Is it ok, i plan on using biocatlet, which is like a paper based litter. Will they suffer from this?


----------



## smesyna (Nov 22, 2010)

I don't think it is okay to keep them in an aquarium for a month or two, especially when temp cages are often used longer than expected because financial constraints get in the way. They could become sick in that time from the lack of ventilation causing a buildup of ammonia, which means expensive vet bills. I think waiting until you have what you need for the rats would be better.

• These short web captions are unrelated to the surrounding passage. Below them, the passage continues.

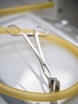 A pair of scissors sitting on top of a table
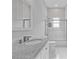 Clean bathroom with a granite countertop, white cabinets, and a glass shower door at 1598 Jonesboro Se Rd, Atlanta, GA 30315
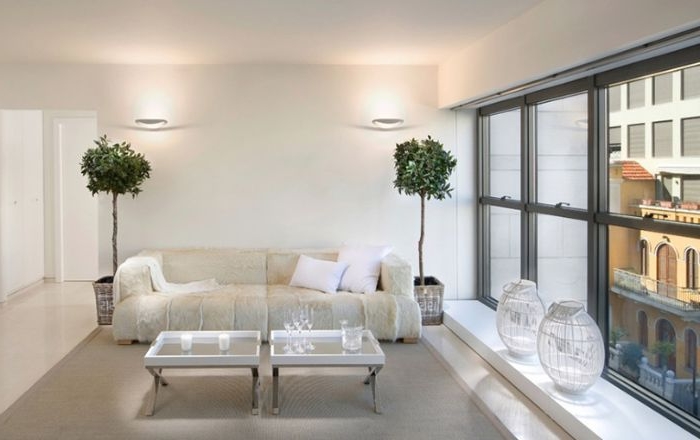minimalistische möbel, dezentes champagner weiß sofa, zwei grüne pflanzen, vasen am fenster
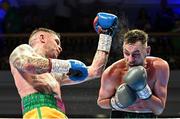 5 November 2021; Sean McComb, right, and Ronnie Clark during their lightweight bout at the Ulster Hall in Belfast. Photo by Ramsey Cardy/Sportsfile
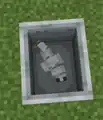 A silverfish riding a minecart.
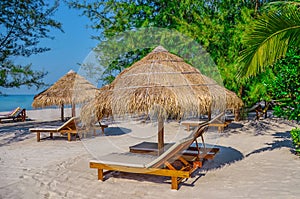 Sunbed and umbrella on Tropical beach on the island of Sihanoukville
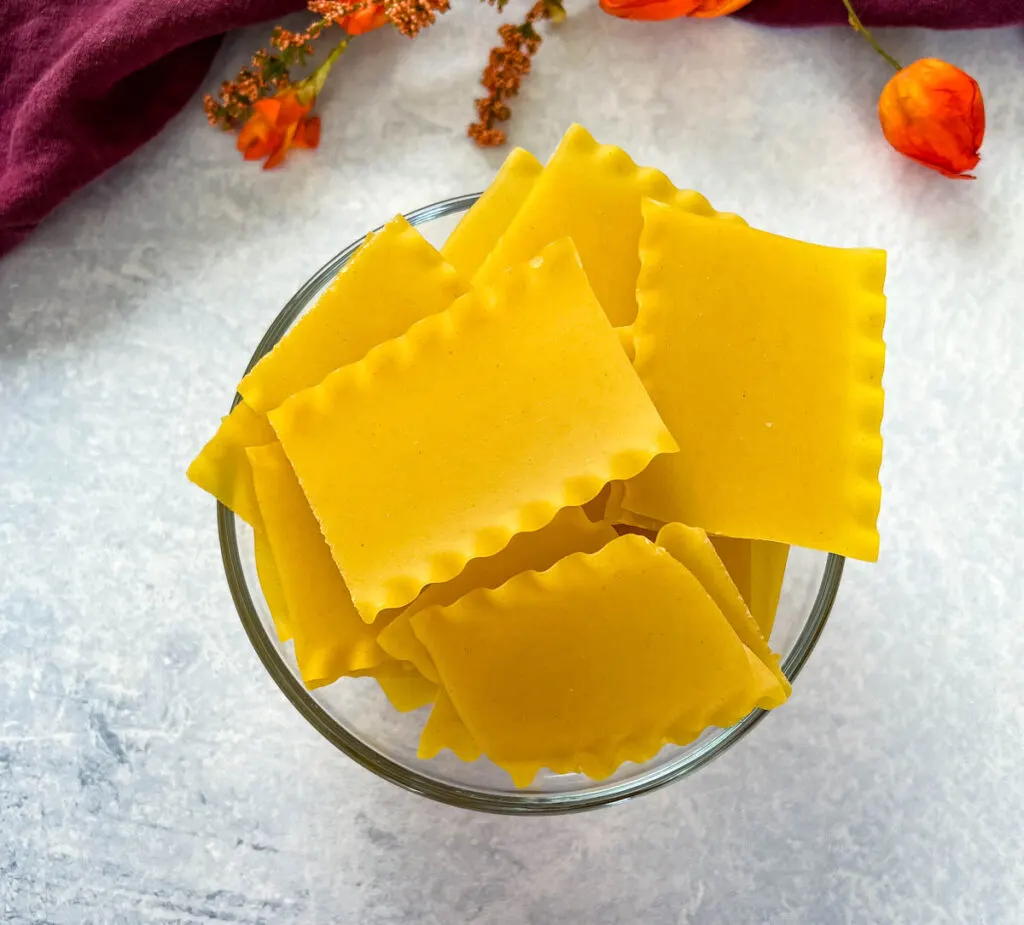 uncooked lasagna pasta in a glass bowl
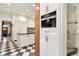 Bright kitchen featuring white cabinets, black countertops, and stainless steel appliances with a checkered floor at 317 N Lafayette St, Denver, CO 80218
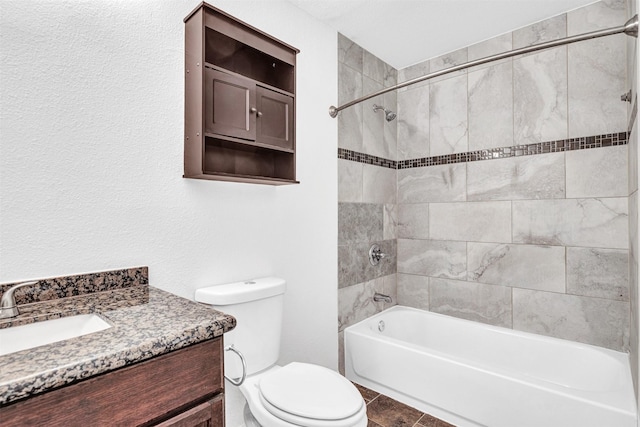 full bathroom featuring tiled shower / bath, vanity, and toilet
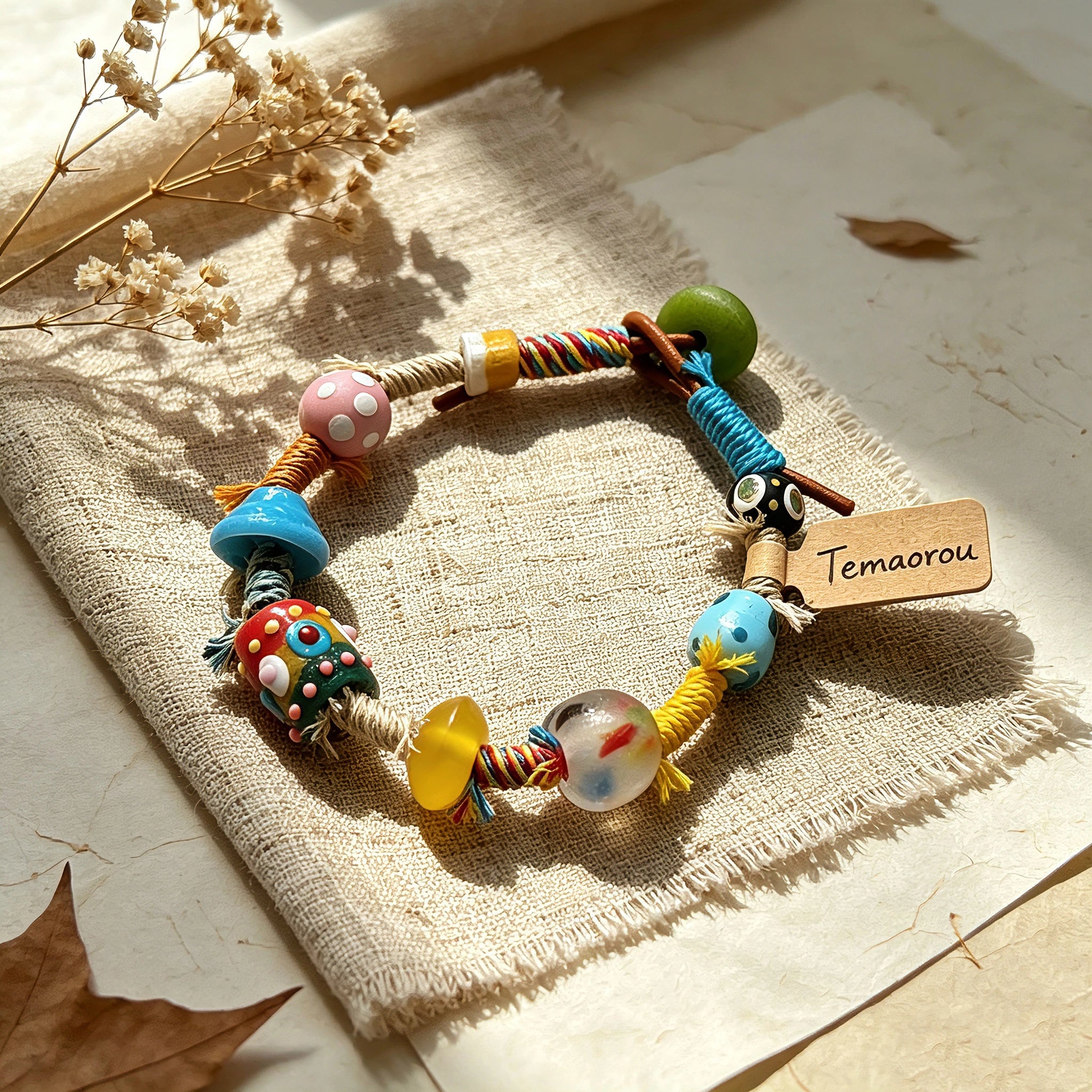 This handmade boho bracelet bursts with vibrant dopamine colors, featuring hand-painted clay beads, twisted linen threads, and quirky sculpted charms. Every bead and wrapped fiber is carefully crafted, bringing playful, retro artistic vibes to your wrist. It is a unique wearable art piece full of whimsical details.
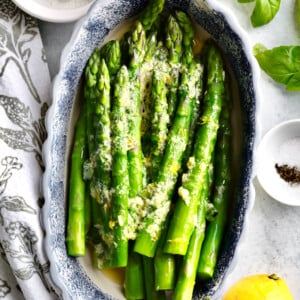 Steamed asparagus in a blue and white oblong bowl.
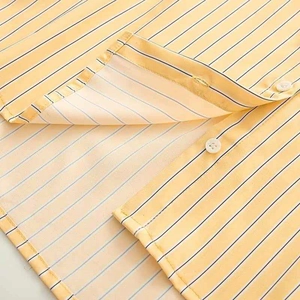 Detailed macro view of yellow and white vertical stripes and stitching on a lightweight shirt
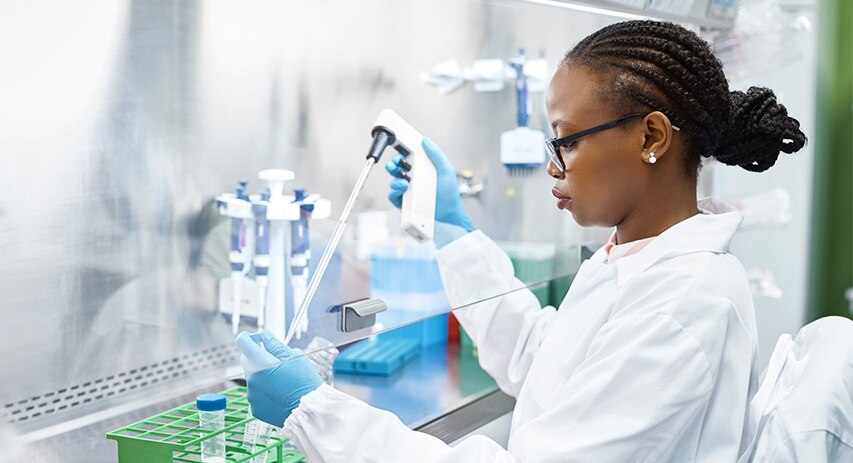  Female scientist extracting substance from test tube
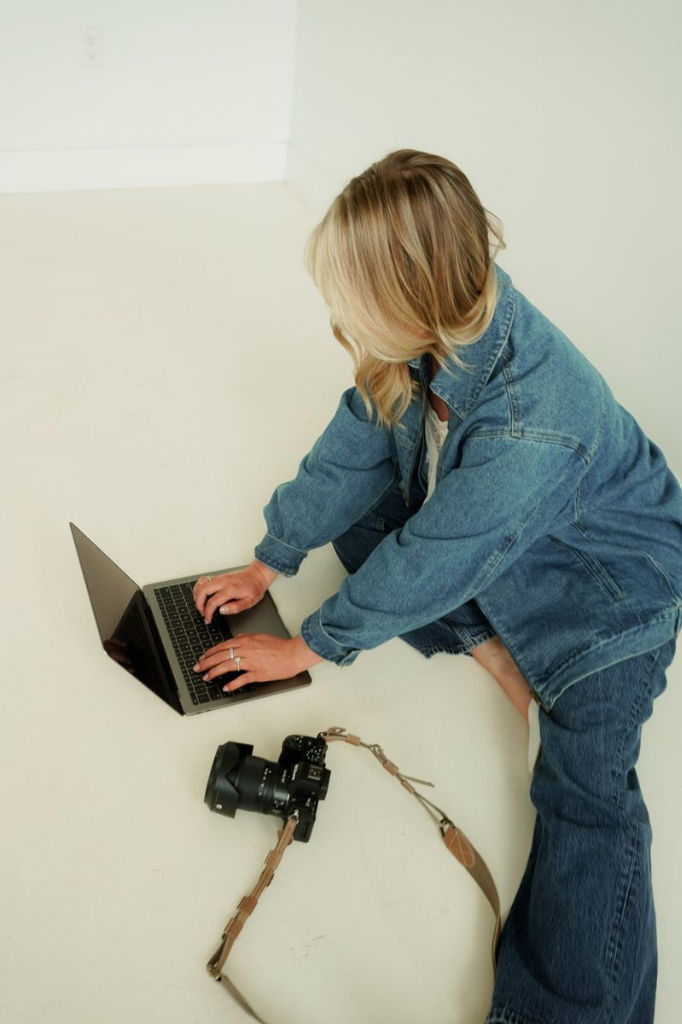 Creative content creator sitting on the floor working on a laptop with a professional camera nearby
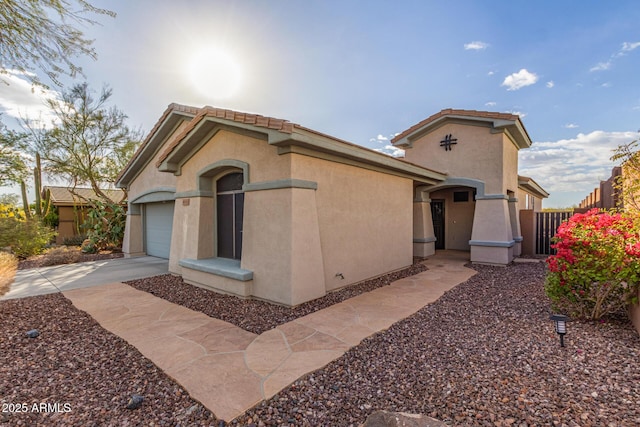 view of side of home with a garage, concrete driveway, a tile roof, fence, and stucco siding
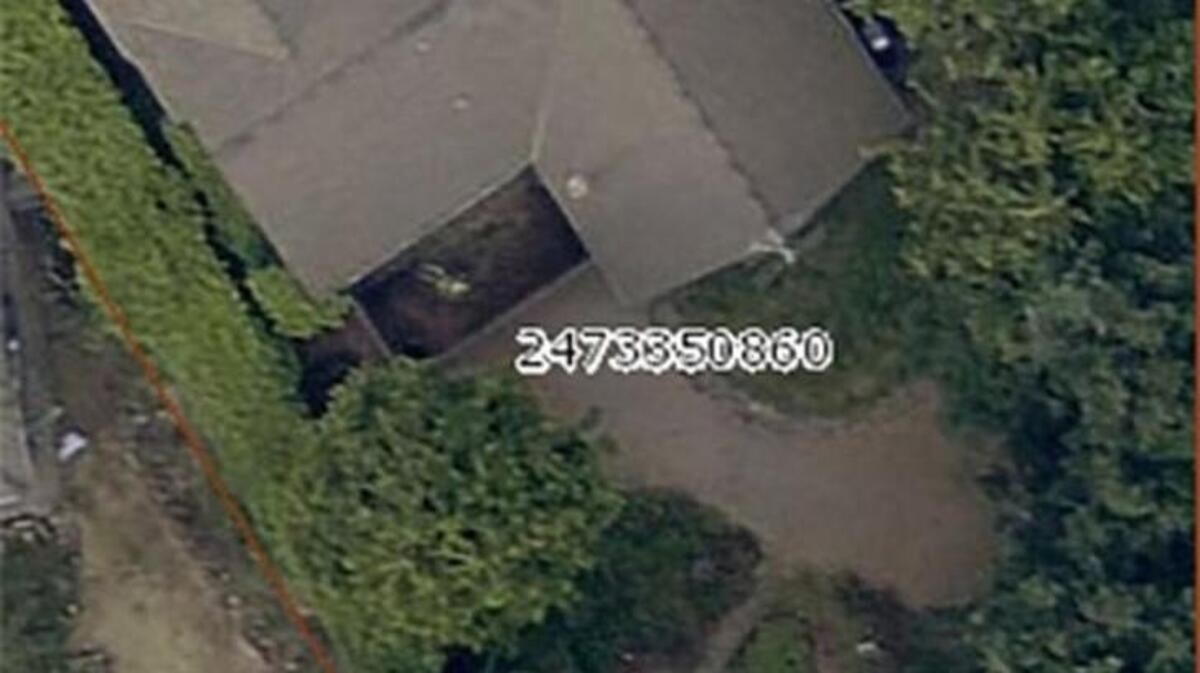 When firefighters responded to a house fire in Renton, they found a body outside the home. Aerial images from King County appear to show that the body was there since at least 2015 and can be seen here as a white figure.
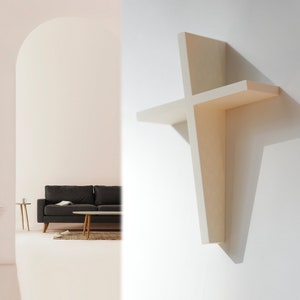 Peut inclure: Une étagère en bois blanc en forme de croix, montée sur un mur blanc. L'étagère a deux niveaux et est légèrement inclinée vers l'avant.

Paper based litters are just fine.


----------



## luvmyfurbabies (Jul 27, 2011)

I adopted 2 girls with a 20g long tank and screen lid from a lady that was getting rid of them. They were just pitiful, even though I cleaned it every day to keep the ammonia down. They just weren't active or anything, but after I'd had them about a week I was able to get their cage. WOW - what a difference it made in their activity level and personalities! I would just wait until you can get the cage to be honest. You wouldn't want them to be so bored, and having to clean it everyday is NOT fun! Plus, what if (God forbid) something happened and you weren't able to get their cage for 3, 4, 5, or more months? They would be miserable.  
I really hope you will wait -- I promise it will be worth it!!!


----------



## steven120694 (Aug 3, 2011)

Thanks guys!
I have decided to sell the aquarium, and get the ferplast furret plus, measures at 70x45x80cm.
Just have to wait till i can find some nice boy ratties and sorted! Im really hoping i can find some russian blue dumbos! no look so far though...


----------



## Ramen (Aug 1, 2011)

About getting your rats- as you may know, don't buy from pet stores! Since I don't know where you live, I can't suggest any rescues or ratteries. There is a list of ratteries floating around Ratforum somewhere, I can't find it now as I am typing this from my phone, but when I can I will edit this post with the link. I know this is off-topic, but I just want to make sure you get a pair of healthy bucks!


----------



## A.ngelF.eathers (Jul 6, 2011)

Sorry, but I have to speak up and say this about petstore rats. 
I guess I got very lucky, but I got both my boys from a local petstore. They're both over 3 years old now and have never had any behavioral problems or health problems. Sometimes I think the petstore thing gets blown way out or proportion. I'm not saying everyone will get as lucky as me, but sometimes petstore are the only place to get rats.


----------



## smesyna (Nov 22, 2010)

A.ngelF.eathers said:


> Sorry, but I have to speak up and say this about petstore rats.
> I guess I got very lucky, but I got both my boys from a local petstore. They're both over 3 years old now and have never had any behavioral problems or health problems. Sometimes I think the petstore thing gets blown way out or proportion. I'm not saying everyone will get as lucky as me, but sometimes petstore are the only place to get rats.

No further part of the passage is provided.